Hypokalemia
(Redirected from HypoKalemia)
Background
- Hypokalemia is one of the most common electrolyte derangements
- While mild-moderate hypokalemia can be asymptomatic or mildly symptomatic, severe hypokalemia can be fatal
- Potassium is predominantly intracellular; important in maintaining cell membrane potential, especially in cardiac/nerve/muscle tissue
- While the renal and endocrine systems regulate total body potassium, transient physiologic shifts can greatly alter measured serum potassium
Clinical Features
- Central nervous system
- Gastrointestinal
- Renal
- Cardiovascular
Differential Diagnosis[1]
Intracellular Shift
- Alkalosis (each 0.10 rise in pH causes 0.5 decrease)
- Insulin
- Beta agonists
- Hypokalemic periodic paralysis
Decreased intake
- Special diets or those low in potassium
- Chronic alcohol abuse
- Fasting
- Eating disorders
Increased loss
- GI
- Renal
- Diuretics, especially loop and thiazide diuretics
- Osmotic diuresis (late-presenting DKA)
- Hyperaldosteronism
- Renal tubular acidosis
- Hypercalcemia
- Hypomagnesemia
- Increased sweat loss
- Heavy exercise
- Heat stroke
- Fever
Drugs
- Penicillins
- Lithium
- L-dopa
- Theophylline, methylxanthines (e.g. caffeine
- Insulin
- Barium
- Quinine
- Catecholamines
Other
- Acute leukemia and lymphomas
- Recovery from megaloblastic anemia
- Hypothermia (accidental or induced)
Evaluation
- Serum potassium level is diagnostic
- Normal = 3.5-5meq/L
- Moderate hypokalemia = between 2.5 and 3.0 meq/L. Severe hypokalemia = <2.5meq/L
- Always check magnesium
- Na+/K+ ATPase pump requires Mg to function, therefore low Mg can lead to refractory hypoK
- Obtain ECG. Suggestive findings include:
- ST segment depression or flattened or inverted T wave
- U wave (V4-V6)
- QT prolongation
- Premature ventricular contraction, other ectopy, or any new arrhythmia
- Careful review of medication list
Management
- Potassium repletion (PO or IV)
- Every 10mEq KCl → serum K ↑ ~0.1mEq/L
- PO preferred; if symptomatic or level is <2.5, both oral and IV should be given
- Note: Administration of KCl during an ongoing intracellular shift can lead to rebound hyperkalemia when the shift reverses
- Potassium chloride is usually preferred; other forms of potassium salts (potassium bicarbonate, potassium phosphate) increases serum potassium slower[2]

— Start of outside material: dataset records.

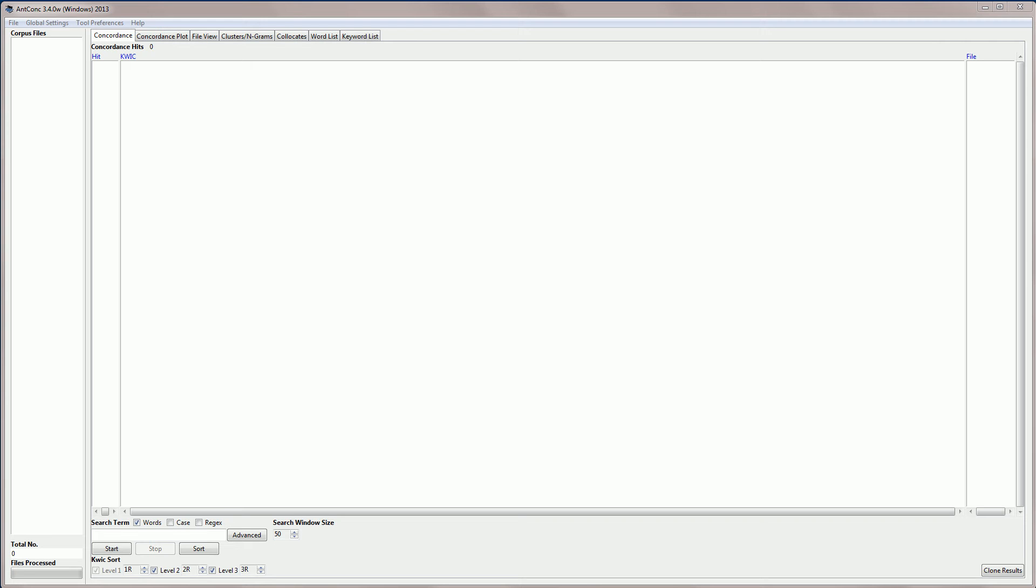Hello, I'm Lawrence Anthony, and in this video I'm going to explain how to use the AntConc NGRAMS tool, which is part of the Clusters NGRAMS tool in the software.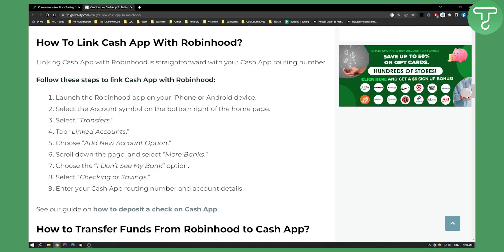So this is basically how you can do it. You need to launch your Robinhood app on your iPhone or Android device. You need to select the account symbol, which is in the bottom right of the home page. Then you need to select Transfers, then go to Linked Accounts. Now you can add a new account option, scroll down the page, select More Banks, and then choose the 'I don't see my bank' option. Then you can select checking or savings, and just enter your Cash App routing number and account details.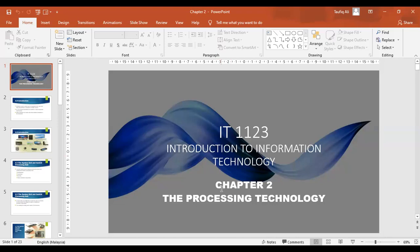We will continue on Chapter 2. Kita akan sambung about the processing technology. Sorry about just now, my laptop got some problem and issues so it cannot continue with video calls. Saya dah record sekarang ni, so kita akan continue dalam Chapter 2.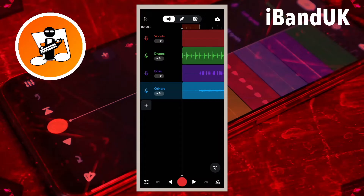And you can now remix the song. You can mute any one of the four tracks.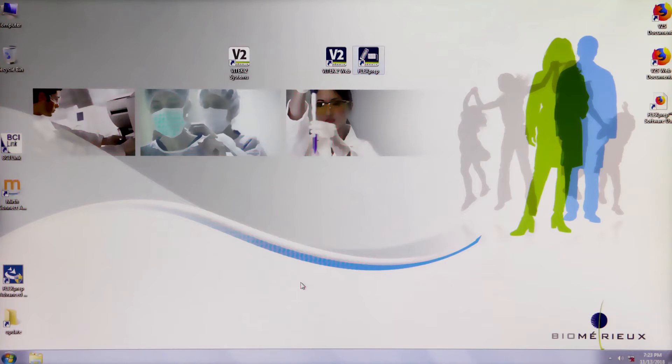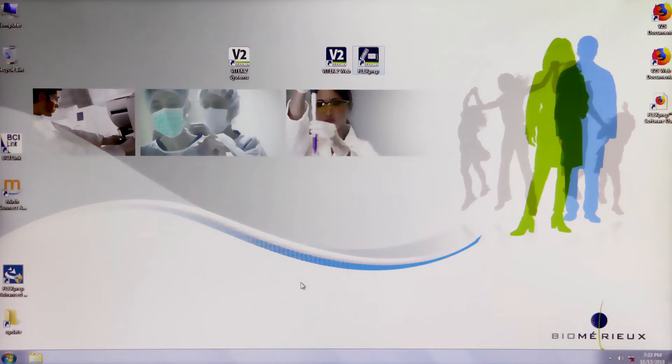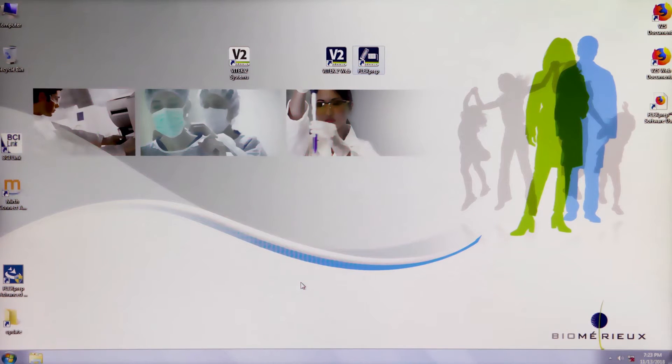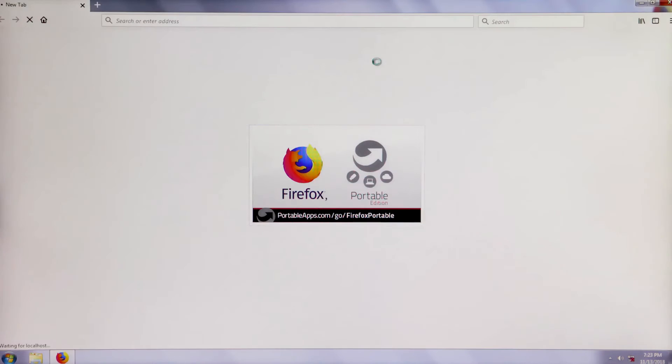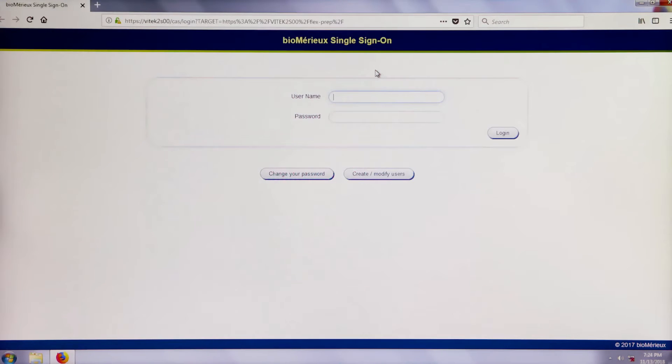Vitec2 customers can define cassettes prior to loading a cassette in any of the Vitec2 system's instruments. To create a Vitec FlexPrep cassette, log into Vitec FlexPrep by double-clicking the FlexPrep icon on the computer desktop.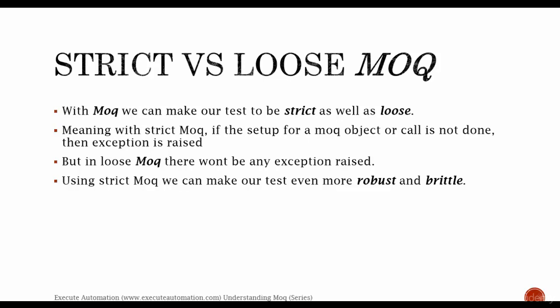Using strict Moq we can make our test even more robust and brittle. If the concept is not very clear, then let me flip to Visual Studio and show you what it is.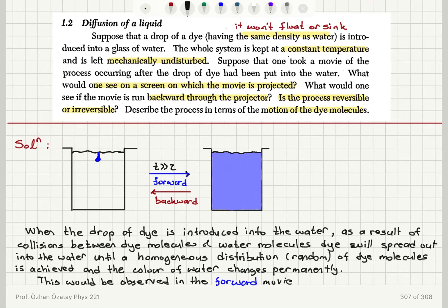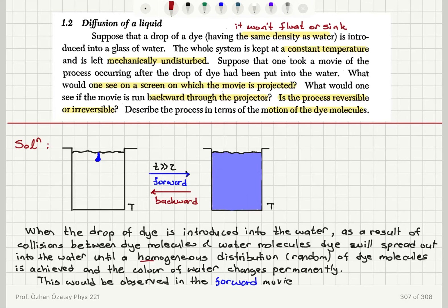The dye is introduced into the glass of water. The whole system is kept at fixed temperature T, and the system is mechanically undisturbed. In the forward movie, as a result of collisions between dye molecules and water molecules, dye will spread out into the water until a homogeneous, random, or most uniform distribution of dye molecules is achieved — this is the equilibrium condition. The color of water changes permanently, and this process is diffusion.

- Consider repeating chem panel 3-4 hrs later to check for response; check faster if giving at a faster rate
- Oral potassium
- Inexpensive, well-tolerated, and rapidly absorbed
- Consider giving 20 mEq q3hr or 40 mEq PO q6hr
- KCl tablet (elixir form available but has poor taste)

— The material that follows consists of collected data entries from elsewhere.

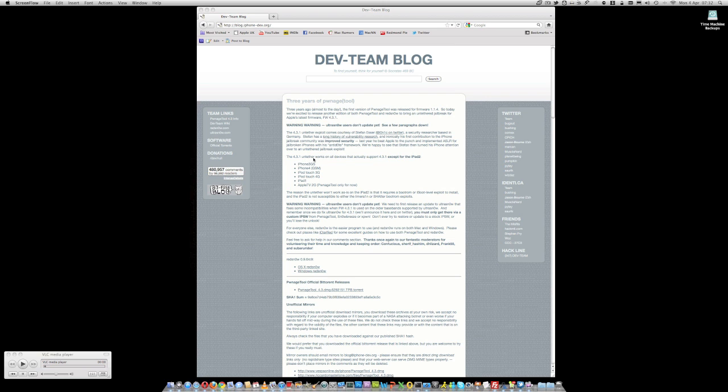I'm going to run you through and show you exactly how to use this new version of RedSn0w to do an untethered jailbreak on an iPhone 4. The untethered jailbreak works for the 3GS,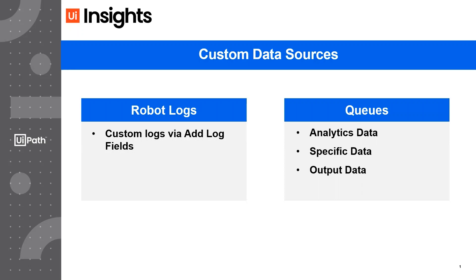or by leveraging Queues and using any of the three sections of Queues that are optimized for holding variables, like Analytics Data, Specific Data, or Output Data. Thanks for watching.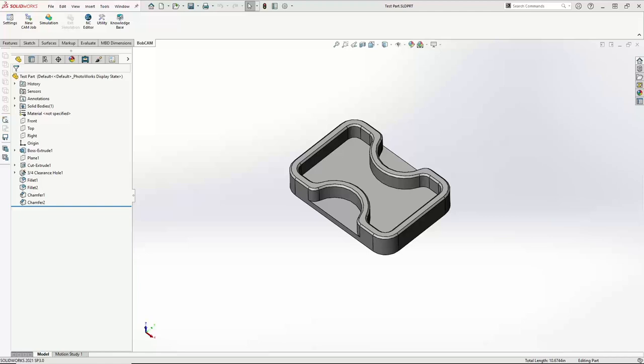We'll be working inside of Bobcam for SOLIDWORKS. I'll be using V9, but a lot of the stuff we're doing should translate just fine into V8. Potentially some differences with Open Pockets, but we'll figure it out.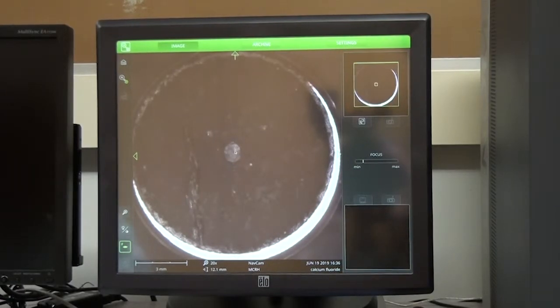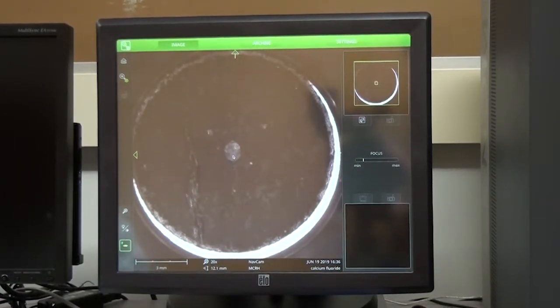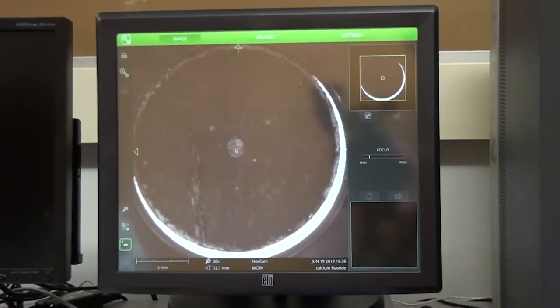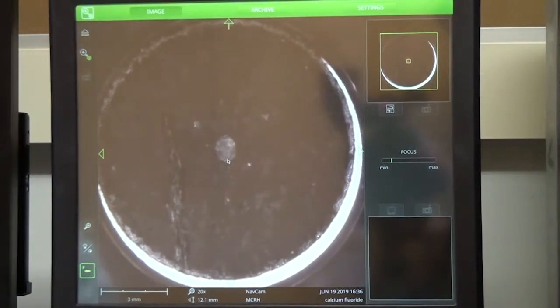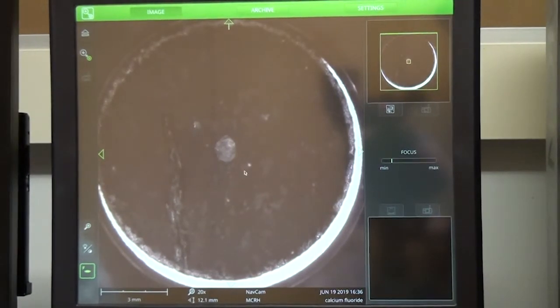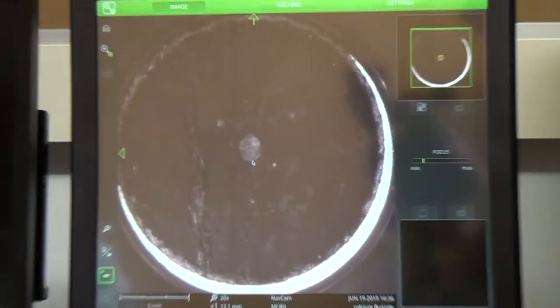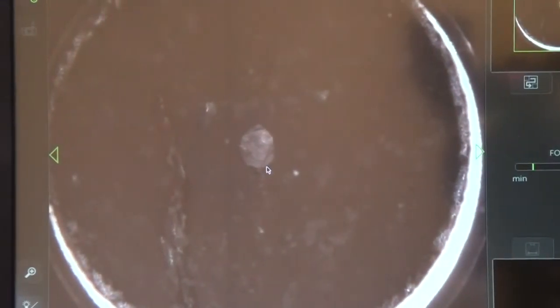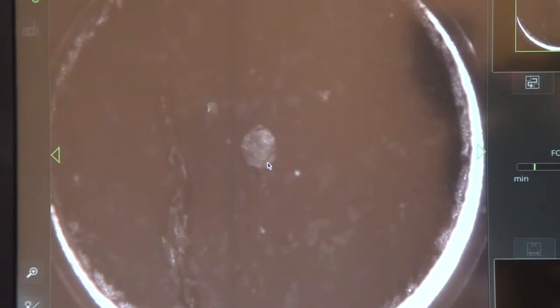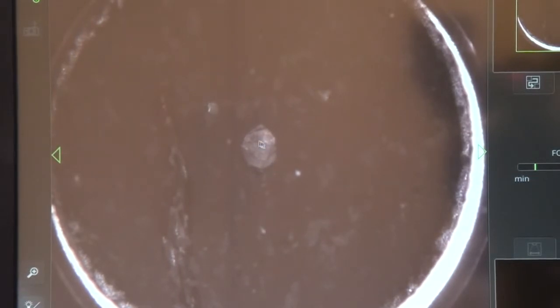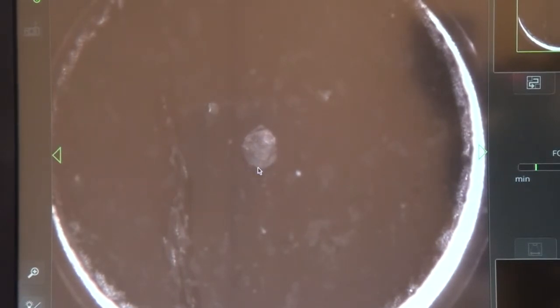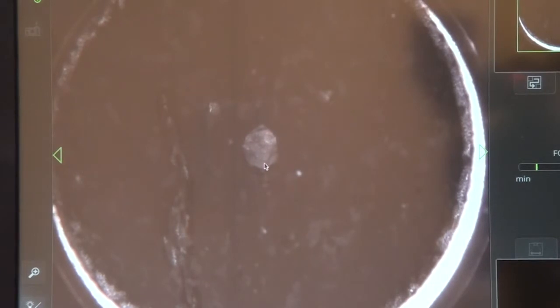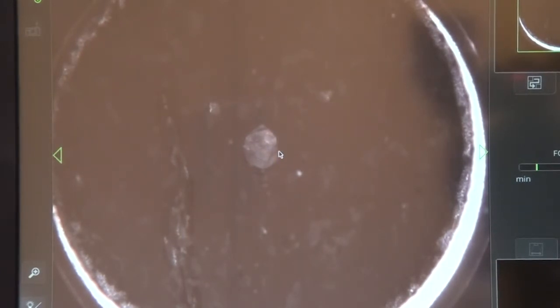The SEM first takes a low magnification photo of the sample, and the optical image is what we see first on the screen. So this is the sample of calcium fluoride, which is derived from mineral fluoride. It is widely used in laser optics due to its unique optical properties.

- K-Dur (extended release tablet) is large and may be difficult to swallow
- If sending patient home can also increase food intake of potassium as an alternative or supplementing potassium tablets. Printable table that can be given to the patient available at this reference: [3].
- Intravenous potassium
- Must be given in dilute solutions at slow rate (10 mEq/hour) to minimize side effects (burning/phlebitis) and cardiac toxicity
- If needing to infuse at 20 mEq/hr, consider infusion via central line or two peripheral lines
- Consider runs of 10 mEq in 100 mL of water, each administered over 1 hr. Or 40-60 mEq in a 1000 mL bag, administered at a rate appropriate to type of IV access
- Do not replete with dextrose-containing solutions since dextrose-induced insulin release can worsen hypokalemia
- Continuous tele is recommended for both the underlying hypokalemia and the potassium administration
- Must be given in dilute solutions at slow rate (10 mEq/hour) to minimize side effects (burning/phlebitis) and cardiac toxicity
- Also treat Hypomagnesemia if present
- Re-check ECG after treatment [4]
- Hypokalemia in acute or recent myocardial infarction places patients at much higher risk for ventricular fibrillation[5]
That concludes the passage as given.